Yes, thank you for the question. My thoughts are this: don’t use Windows Server at all anymore, if you can avoid it. Migrate to Microsoft 365 Business.
Hi Alex
Thanks for your reply, not sure I understand ?
We already have a new Server 2019 & prefer a site based server not a 365 subscription.
Will your article work for our migration ?
By the time WS 2019 came out I had already moved on to Azure AD / Microsoft 365. Honestly don’t think I’ve deployed 2019 even once. I assume not much has changed from 2016. Legacy AD is a product that basically worked the same way for 20 years. I am happy to say we’re leaving it behind. Others I work with still do some with Server OS, but not me.
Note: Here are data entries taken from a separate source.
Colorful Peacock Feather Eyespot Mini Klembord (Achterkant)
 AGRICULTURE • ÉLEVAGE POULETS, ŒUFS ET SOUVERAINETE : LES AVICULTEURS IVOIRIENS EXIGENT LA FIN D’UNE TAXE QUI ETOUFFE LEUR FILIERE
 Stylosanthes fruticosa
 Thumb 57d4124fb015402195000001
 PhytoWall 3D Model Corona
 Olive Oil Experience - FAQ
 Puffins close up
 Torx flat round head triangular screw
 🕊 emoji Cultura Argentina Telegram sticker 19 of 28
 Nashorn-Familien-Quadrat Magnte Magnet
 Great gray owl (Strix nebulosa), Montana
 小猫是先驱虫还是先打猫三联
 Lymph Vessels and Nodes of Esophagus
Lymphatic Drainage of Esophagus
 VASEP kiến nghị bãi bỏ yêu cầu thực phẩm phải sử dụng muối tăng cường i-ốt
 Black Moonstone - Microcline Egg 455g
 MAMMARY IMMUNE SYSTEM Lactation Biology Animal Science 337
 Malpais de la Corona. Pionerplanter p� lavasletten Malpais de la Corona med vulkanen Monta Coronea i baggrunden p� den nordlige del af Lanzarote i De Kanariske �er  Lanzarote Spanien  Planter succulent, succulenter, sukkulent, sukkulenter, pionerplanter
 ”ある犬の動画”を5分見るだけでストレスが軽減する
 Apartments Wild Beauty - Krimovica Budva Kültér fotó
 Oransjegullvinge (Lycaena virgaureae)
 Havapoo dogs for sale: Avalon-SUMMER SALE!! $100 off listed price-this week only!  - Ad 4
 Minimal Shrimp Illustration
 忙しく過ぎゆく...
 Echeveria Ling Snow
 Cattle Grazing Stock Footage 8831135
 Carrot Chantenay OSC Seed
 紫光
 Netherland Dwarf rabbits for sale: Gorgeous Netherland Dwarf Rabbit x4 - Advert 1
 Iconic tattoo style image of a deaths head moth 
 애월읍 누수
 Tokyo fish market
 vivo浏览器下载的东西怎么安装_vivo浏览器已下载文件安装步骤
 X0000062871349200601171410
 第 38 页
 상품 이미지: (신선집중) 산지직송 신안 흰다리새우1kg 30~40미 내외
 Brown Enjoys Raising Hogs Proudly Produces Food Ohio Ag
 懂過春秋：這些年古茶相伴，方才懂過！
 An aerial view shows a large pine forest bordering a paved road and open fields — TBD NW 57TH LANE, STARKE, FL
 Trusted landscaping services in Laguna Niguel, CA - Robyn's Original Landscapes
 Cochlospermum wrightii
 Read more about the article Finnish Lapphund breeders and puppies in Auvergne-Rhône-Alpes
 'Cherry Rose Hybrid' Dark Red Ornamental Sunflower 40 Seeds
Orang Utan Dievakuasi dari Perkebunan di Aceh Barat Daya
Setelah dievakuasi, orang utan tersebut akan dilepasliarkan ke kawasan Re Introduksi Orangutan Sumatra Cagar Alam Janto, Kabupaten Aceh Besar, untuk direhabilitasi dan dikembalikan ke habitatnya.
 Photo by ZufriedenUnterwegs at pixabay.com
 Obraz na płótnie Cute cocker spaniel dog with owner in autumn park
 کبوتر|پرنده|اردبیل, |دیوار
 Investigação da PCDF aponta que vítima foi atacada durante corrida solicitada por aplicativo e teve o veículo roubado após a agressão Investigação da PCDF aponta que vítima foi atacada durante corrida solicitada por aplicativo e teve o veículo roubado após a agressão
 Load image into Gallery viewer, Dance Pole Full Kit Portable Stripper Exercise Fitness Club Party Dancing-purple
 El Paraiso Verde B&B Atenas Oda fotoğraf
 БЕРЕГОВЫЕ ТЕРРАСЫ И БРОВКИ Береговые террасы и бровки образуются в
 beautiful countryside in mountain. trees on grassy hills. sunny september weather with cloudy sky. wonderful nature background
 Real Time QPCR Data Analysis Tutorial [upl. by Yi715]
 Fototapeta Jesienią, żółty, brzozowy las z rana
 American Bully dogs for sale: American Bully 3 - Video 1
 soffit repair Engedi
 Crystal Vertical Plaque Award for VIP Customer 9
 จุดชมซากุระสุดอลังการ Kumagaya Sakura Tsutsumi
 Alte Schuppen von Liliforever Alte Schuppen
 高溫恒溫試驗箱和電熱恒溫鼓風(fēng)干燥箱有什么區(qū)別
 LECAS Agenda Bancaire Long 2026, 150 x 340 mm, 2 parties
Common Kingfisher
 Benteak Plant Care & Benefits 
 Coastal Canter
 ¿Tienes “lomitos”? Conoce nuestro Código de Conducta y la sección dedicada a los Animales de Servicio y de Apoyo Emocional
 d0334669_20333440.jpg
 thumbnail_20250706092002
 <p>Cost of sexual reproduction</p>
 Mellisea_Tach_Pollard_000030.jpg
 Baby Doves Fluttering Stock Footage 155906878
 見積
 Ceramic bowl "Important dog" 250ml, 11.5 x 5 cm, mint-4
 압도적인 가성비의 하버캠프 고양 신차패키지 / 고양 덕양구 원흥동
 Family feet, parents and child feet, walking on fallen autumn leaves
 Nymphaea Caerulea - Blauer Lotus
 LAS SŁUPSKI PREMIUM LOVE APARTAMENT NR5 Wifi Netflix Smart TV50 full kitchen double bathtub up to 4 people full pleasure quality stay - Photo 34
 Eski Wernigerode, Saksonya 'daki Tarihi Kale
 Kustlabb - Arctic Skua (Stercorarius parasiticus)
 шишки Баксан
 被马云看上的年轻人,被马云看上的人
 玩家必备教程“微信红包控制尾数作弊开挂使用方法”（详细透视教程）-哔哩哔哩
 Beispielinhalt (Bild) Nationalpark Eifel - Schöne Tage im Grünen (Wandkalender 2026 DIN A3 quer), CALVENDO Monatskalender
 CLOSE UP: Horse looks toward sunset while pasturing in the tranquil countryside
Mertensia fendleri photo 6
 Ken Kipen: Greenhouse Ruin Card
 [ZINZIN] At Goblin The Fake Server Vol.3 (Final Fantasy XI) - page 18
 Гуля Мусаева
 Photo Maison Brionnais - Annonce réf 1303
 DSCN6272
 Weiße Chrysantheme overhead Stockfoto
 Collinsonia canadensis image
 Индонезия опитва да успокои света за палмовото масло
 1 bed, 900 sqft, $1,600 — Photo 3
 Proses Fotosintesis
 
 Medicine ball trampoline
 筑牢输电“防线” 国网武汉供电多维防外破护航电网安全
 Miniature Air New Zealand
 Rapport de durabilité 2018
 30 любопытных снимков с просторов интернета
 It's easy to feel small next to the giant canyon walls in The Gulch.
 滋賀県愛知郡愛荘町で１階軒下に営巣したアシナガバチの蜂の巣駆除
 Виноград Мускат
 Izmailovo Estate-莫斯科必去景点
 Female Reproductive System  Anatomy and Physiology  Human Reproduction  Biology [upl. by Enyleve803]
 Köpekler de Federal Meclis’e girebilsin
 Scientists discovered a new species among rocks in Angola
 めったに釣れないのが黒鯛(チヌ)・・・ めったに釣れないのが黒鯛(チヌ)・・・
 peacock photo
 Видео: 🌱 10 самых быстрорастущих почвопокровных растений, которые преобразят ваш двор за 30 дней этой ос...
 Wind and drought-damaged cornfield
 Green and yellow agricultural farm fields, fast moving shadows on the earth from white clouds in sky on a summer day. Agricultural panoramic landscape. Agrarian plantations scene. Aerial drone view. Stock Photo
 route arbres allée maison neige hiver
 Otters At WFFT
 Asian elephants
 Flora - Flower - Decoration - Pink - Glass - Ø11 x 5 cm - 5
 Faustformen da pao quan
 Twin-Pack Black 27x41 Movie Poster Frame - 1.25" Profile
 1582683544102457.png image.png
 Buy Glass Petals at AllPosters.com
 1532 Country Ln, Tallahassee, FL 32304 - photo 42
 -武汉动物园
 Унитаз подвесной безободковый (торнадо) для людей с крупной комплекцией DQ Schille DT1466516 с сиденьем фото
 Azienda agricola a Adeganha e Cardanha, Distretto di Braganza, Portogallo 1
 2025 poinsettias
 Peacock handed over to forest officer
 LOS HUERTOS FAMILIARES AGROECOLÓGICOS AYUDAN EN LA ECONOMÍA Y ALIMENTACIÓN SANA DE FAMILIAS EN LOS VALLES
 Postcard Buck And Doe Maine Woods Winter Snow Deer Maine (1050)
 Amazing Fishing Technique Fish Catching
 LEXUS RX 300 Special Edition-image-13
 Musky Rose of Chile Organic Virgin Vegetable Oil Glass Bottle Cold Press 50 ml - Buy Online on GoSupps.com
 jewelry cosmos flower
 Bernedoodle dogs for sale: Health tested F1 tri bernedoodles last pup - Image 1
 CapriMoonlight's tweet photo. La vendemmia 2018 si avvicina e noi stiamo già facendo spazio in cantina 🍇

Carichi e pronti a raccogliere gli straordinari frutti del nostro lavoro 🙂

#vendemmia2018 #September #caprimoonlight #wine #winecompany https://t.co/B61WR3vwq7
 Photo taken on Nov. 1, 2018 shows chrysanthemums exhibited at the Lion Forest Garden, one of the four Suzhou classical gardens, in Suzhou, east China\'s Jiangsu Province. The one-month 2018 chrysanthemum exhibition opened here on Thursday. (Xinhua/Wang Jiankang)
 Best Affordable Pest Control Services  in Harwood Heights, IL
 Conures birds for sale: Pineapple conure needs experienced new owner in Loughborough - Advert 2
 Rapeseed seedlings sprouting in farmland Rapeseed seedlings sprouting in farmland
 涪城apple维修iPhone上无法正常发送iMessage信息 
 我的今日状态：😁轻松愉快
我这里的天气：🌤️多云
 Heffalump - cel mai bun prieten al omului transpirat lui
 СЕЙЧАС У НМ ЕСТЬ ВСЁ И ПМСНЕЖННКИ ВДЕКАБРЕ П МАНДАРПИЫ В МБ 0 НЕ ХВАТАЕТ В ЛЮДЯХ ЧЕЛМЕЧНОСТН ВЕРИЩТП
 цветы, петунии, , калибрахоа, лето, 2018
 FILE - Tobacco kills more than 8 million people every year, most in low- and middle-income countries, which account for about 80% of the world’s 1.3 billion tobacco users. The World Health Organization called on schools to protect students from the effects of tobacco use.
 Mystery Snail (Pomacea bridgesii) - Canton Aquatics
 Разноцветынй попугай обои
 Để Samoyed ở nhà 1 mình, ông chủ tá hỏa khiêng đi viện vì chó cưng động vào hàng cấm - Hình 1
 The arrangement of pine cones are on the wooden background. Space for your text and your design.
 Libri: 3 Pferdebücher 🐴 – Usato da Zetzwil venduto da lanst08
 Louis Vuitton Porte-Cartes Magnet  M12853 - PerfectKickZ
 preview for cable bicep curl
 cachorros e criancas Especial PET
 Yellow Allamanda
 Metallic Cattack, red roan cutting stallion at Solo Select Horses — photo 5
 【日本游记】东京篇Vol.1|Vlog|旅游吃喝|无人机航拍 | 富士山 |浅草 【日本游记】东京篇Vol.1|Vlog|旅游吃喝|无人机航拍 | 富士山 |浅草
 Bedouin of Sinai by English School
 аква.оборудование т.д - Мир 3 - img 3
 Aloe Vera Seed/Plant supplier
Thank you for your guide on Active Directory Migration from SBS 2008 or 2011 to Windows Server 2016.
I have 3 questions.
1. Exchange server 2007 on the SBS server is no longer used as we moved to a 3rd party cloud Exchange services a while ago. Should we leave it in place for the migration or uninstall it first ?
2. Do we need to copy the shared folders & map drives from the old to the new server ?
3. The Server 2019 standard as a different name, will this effect the DC ?
Thanks in advance for your guidance
1. You should remove it
2. Yes move the shared files to your new server, otherwise you would need to keep the old server, right?
3. As long as all the references that point to the server are updated, for example mapped drives, etc., then name change doesn’t matter.
Thank you for this and other articles. As a former MVP back in the Windows NT 4.0 days I know it is a lot of work.